Schools: Wheels Reinvented Here…

Ask any school administrator what their most important asset is and the odds are that they will reply “our faculty.” This opinion generally holds true when you ask parents and students what they value most in their local school. Let’s assume that  such opinions are correct and that faculty represent a school’s greatest asset.

Couple this assumption with some data: teachers will be retiring in unprecedented numbers over the next decade, fewer college students are entering teaching, and a low retention rate among new teachers, and you can see a crisis in the making.

This crisis may be even more pronounced for independent schools, many of whom use their outstanding faculty as market differentiators and a rationale for justifying high tuition payments.

There’s not a lot schools can do to stem the tide of retirements. People age, elect to retire, or are medically forced to retire. But schools can mitigate the loss by capturing the knowledge–and more importantly the wisdom–of these veterans through the use of an array of practices broadly referred to as “Knowledge Management.”

Knowledge Management (KM) has been around in one form or another for centuries. Apprenticeships, storytelling, books, illustrations, and other forms of knowledge retention and transfer are not new.  But starting in the 1990s businesses in the “information industry” came to recognize that their “intellectual capital” was at risk when employees quit (sometimes taking their expertise to rivals), retired, died, or even killed. (Recall the market uneasiness with the illness that afflicted Apple’s Steve Jobs, and you begin to understand how important knowledge, wisdom, and other intangibles are to the fortunes of companies and, by extension, to non-profits and schools.) Companies recognized that intellectual assets were too important to leave to informal systems of knowledge transfer, and a new industry and function (Chief Knowledge Officer) was born.

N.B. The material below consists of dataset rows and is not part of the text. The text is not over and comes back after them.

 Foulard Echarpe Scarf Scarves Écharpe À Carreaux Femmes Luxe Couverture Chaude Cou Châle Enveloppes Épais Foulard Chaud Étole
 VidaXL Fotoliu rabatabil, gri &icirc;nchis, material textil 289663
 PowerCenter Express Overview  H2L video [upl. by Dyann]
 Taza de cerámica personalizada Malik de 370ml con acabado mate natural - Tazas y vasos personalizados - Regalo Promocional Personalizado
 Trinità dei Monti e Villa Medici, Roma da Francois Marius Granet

Not surprisingly, technology can play an important role in KM. In one form or another, schools already have repositories of knowledge: individual hard drives, shared file servers, curriculum maps, lesson plans, physical archives, libraries, and so on. The role of KM software is to organize and make these artifacts easily accessible. KM also is designed to capture additional, richer artifacts such as video and audio of master teachers as they demonstrate their craft in the classroom, in meetings, and at professional conferences.

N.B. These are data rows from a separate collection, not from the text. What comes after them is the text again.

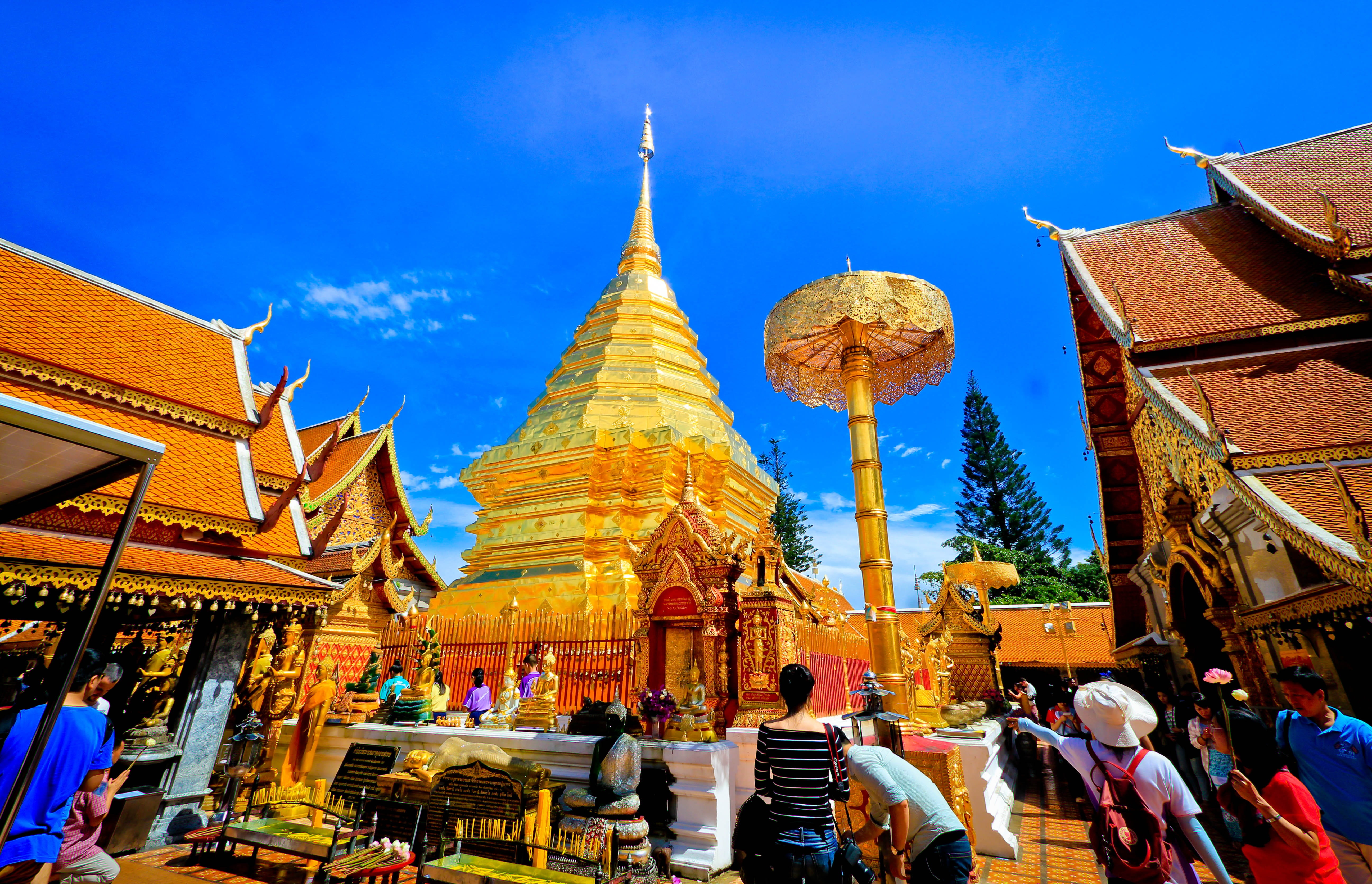 painting, thailand art, ayutthaya old, พระ, spire, religion, Thailand, buildings, wat phra that choeng chum, thailand temple, travel destinations, women, HD Wallpaper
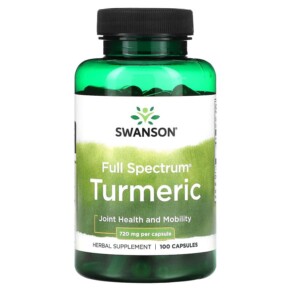 Swanson Full Spectrum Turmeric 720 mg 100 Capsules 087614019406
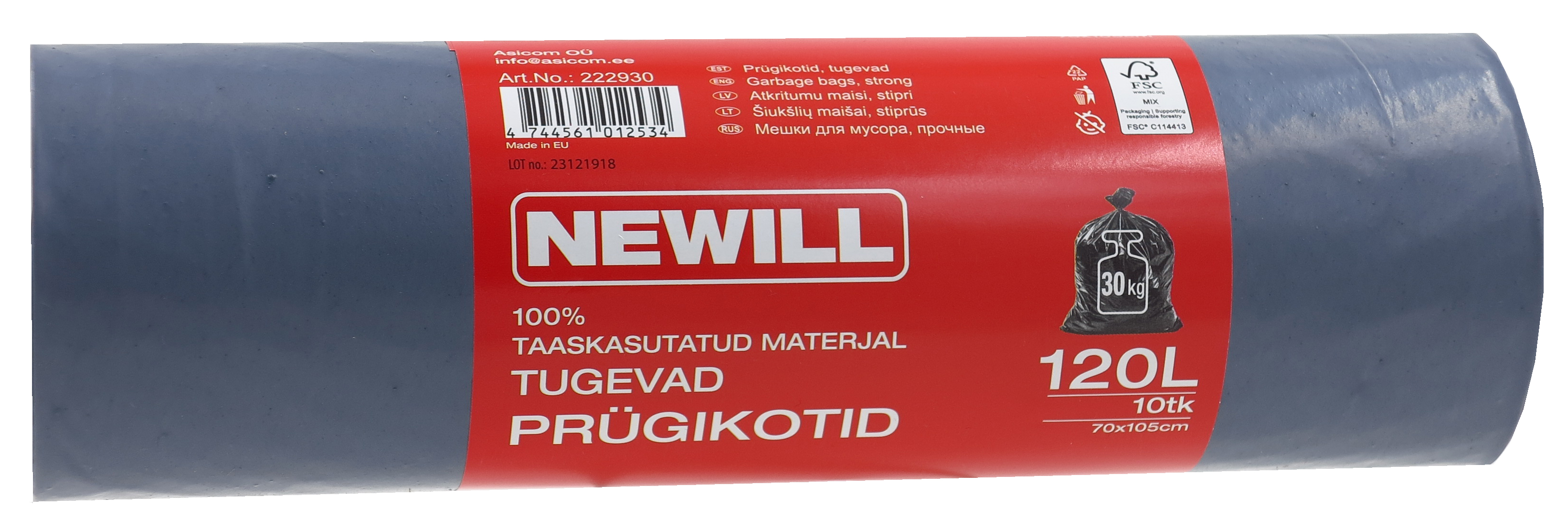 Prügikott 120L, 10tk, tugev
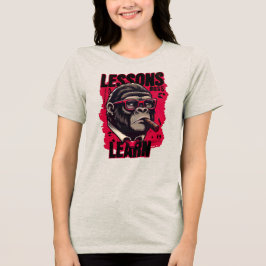 Triblenda Camiseta Lecciones de Jefa Gorila Mujer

Studies of the use of KM in schools are scarce, indicating that the practice is likely not widespread. Dilnutt 1 writes “Paradoxically, it is observed that the education sector, arguably with knowledge as its core business asset, generally performs poorly when it comes to knowledge sharing and diffusion and has been slow to recognise the opportunity of a knowledge management discipline.” In describing the school that he studies, Dilnutt cites to the “ad-hoc nature of [knowledge] repositories.…” and the lack of an “identifiable corporate taxonomy governing framework for storing of content.” This “absence of policy and procedures on how to perform routine activities results in teacher time being spent ‘re-inventing the wheel.’”

Sound familiar? Of course. This is a problem in all schools.

So, what is your school doing about it? (Hand-wringing doesn’t count!)

  1. Dilnutt, Robert. Knowledge Management in Secondary Education: A Case Study of an Australian Priivate School. The International Journal of Knowledge Culture and Change Management. Vol. 9, N. 4, 2009

One thought on “Schools: Wheels Reinvented Here…

  1. Richard Kassissieh

    Great article, Steve. While schools may lose experience and knowledge, they may gain an opportunity for to speed up change in the academic program. The changing of the guard may allow independent schools to develop stronger collaborations among faculty toward a common purpose.